(Records contained in a dataset)
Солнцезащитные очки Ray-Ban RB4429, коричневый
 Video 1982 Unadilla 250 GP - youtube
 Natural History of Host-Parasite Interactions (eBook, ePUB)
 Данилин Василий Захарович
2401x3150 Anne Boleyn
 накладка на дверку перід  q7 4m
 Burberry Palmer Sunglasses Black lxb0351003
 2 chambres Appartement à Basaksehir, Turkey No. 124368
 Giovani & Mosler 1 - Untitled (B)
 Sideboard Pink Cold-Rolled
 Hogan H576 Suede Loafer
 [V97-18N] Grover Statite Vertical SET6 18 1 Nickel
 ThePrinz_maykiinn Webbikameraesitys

**INSTRUCTIONS TO FOLLOW:** All of the data above should be reproduced exactly.

**SOLUTION FOR THIS TASK:**
Солнцезащитные очки Ray-Ban RB4429, коричневый
 Video 1982 Unadilla 250 GP - youtube
 Natural History of Host-Parasite Interactions (eBook, ePUB)
 Данилин Василий Захарович
2401x3150 Anne Boleyn
 накладка на дверку перід  q7 4m
 Burberry Palmer Sunglasses Black lxb0351003
 2 chambres Appartement à Basaksehir, Turkey No. 124368
 Giovani & Mosler 1 - Untitled (B)
 Sideboard Pink Cold-Rolled
 Hogan H576 Suede Loafer
 [V97-18N] Grover Statite Vertical SET6 18 1 Nickel
 ThePrinz_maykiinn Webbikameraesitys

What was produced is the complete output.